**Data for processing**:
§

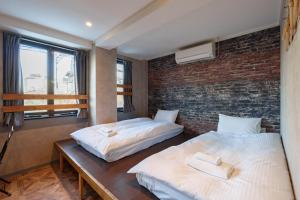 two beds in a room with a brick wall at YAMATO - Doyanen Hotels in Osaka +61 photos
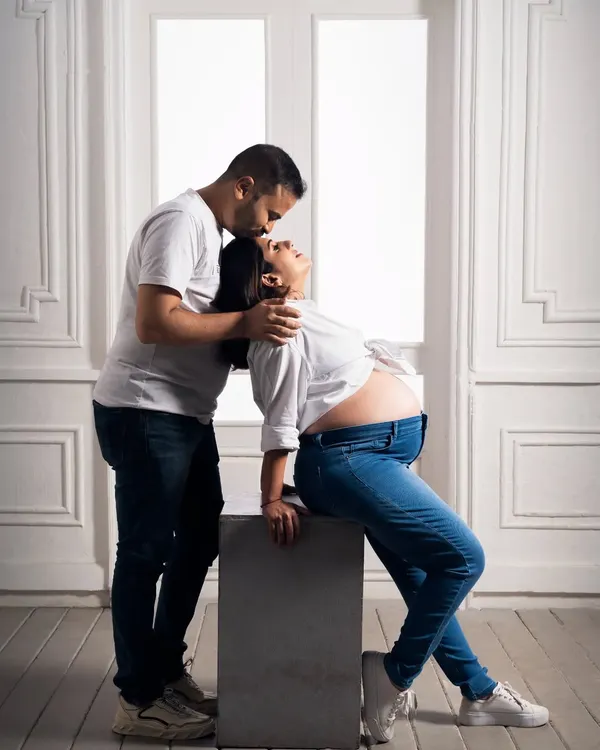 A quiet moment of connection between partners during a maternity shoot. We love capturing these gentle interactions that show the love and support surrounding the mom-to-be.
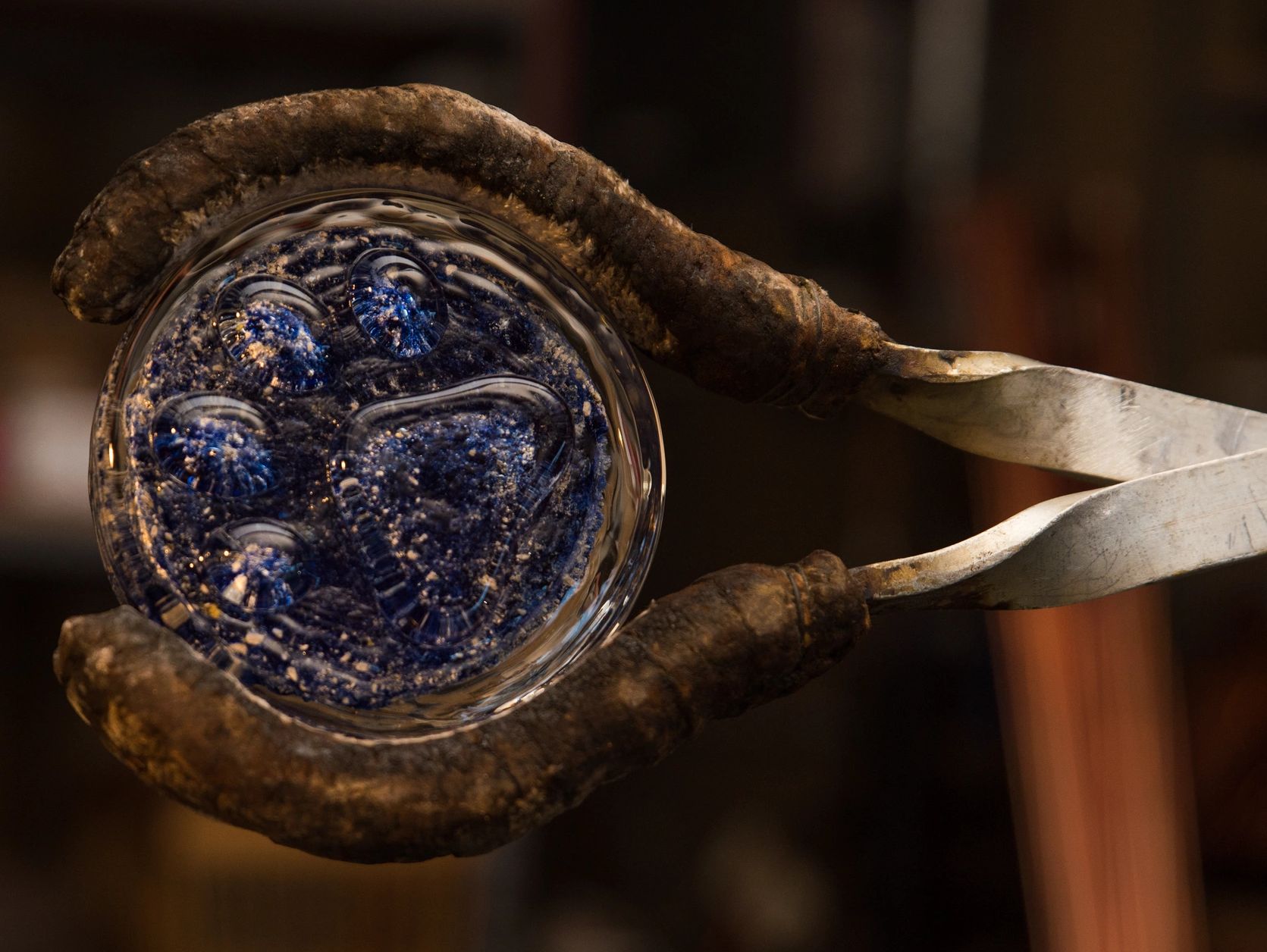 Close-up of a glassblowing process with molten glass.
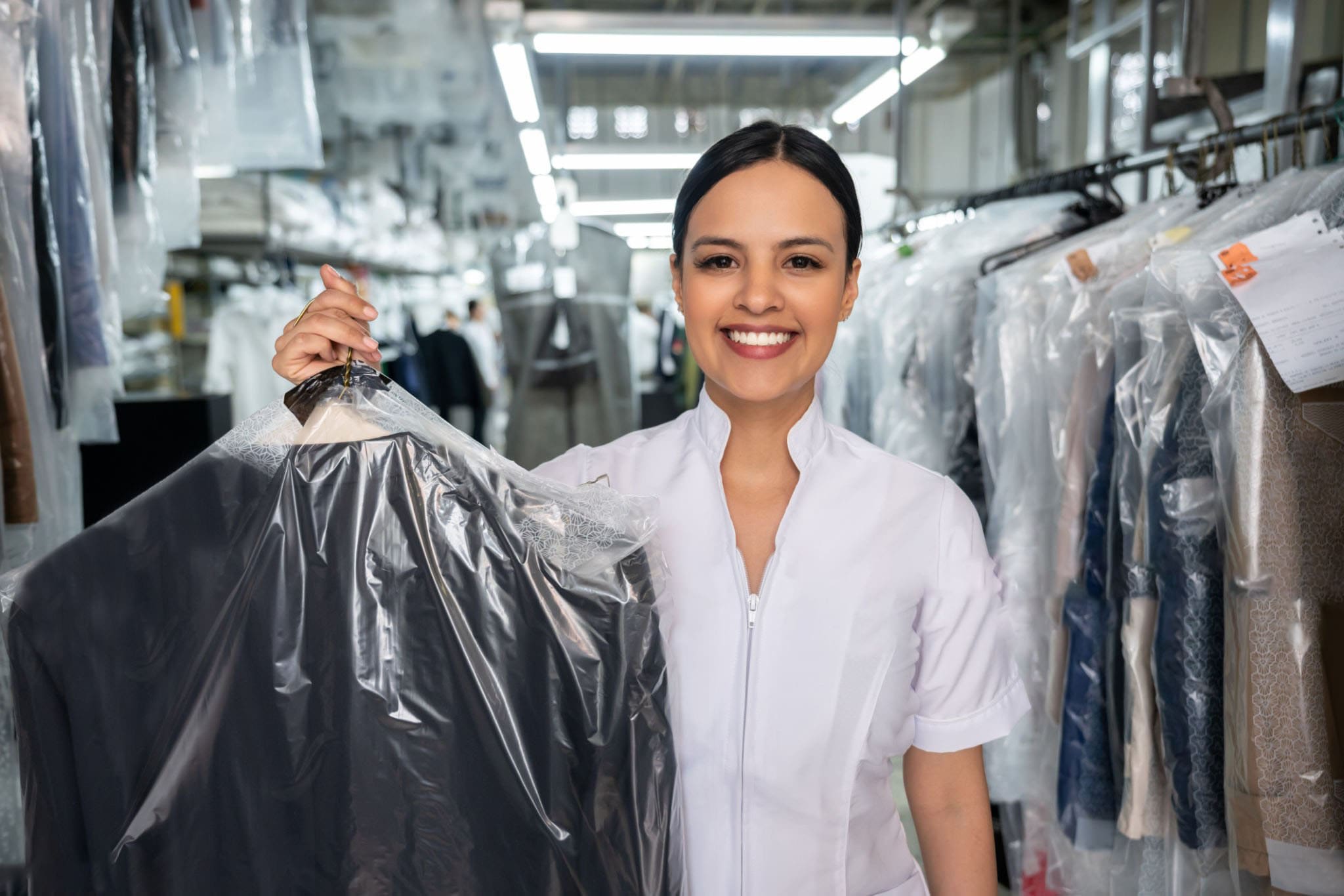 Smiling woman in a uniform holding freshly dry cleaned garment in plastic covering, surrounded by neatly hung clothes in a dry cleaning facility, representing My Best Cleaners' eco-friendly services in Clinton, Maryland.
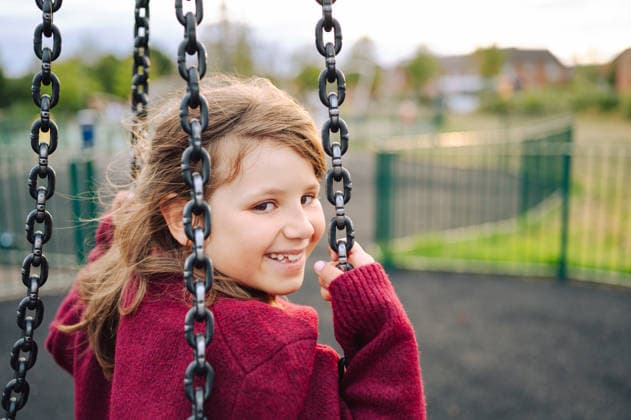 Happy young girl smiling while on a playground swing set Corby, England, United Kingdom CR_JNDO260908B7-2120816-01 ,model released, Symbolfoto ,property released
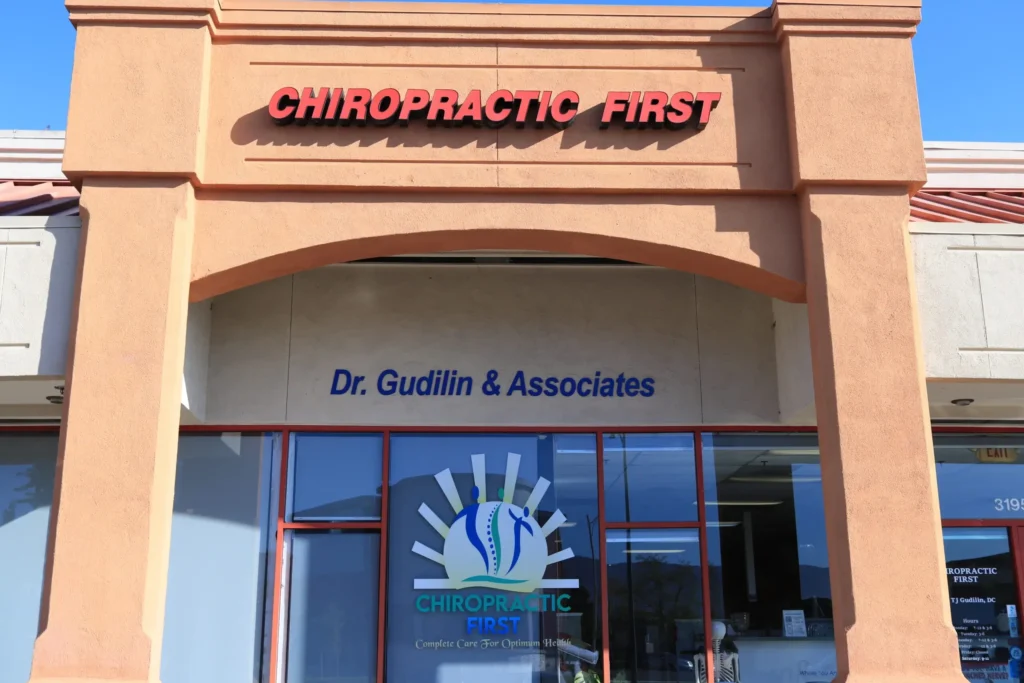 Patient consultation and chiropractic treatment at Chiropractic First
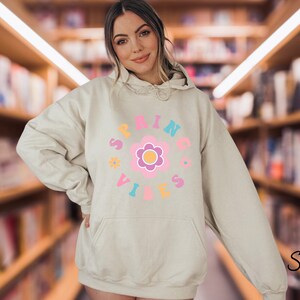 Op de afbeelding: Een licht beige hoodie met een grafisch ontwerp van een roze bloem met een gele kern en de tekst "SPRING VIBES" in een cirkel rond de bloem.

§

**Directions for this task**: Your output should be exactly the lines of the records above from the one with "Close-up of a" through the last, both ends included, with pictures excluded.

**Task solution**:
 Close-up of a glassblowing process with molten glass.
 Smiling woman in a uniform holding freshly dry cleaned garment in plastic covering, surrounded by neatly hung clothes in a dry cleaning facility, representing My Best Cleaners' eco-friendly services in Clinton, Maryland.
 Happy young girl smiling while on a playground swing set Corby, England, United Kingdom CR_JNDO260908B7-2120816-01 ,model released, Symbolfoto ,property released
 Patient consultation and chiropractic treatment at Chiropractic First
 Op de afbeelding: Een licht beige hoodie met een grafisch ontwerp van een roze bloem met een gele kern en de tekst "SPRING VIBES" in een cirkel rond de bloem.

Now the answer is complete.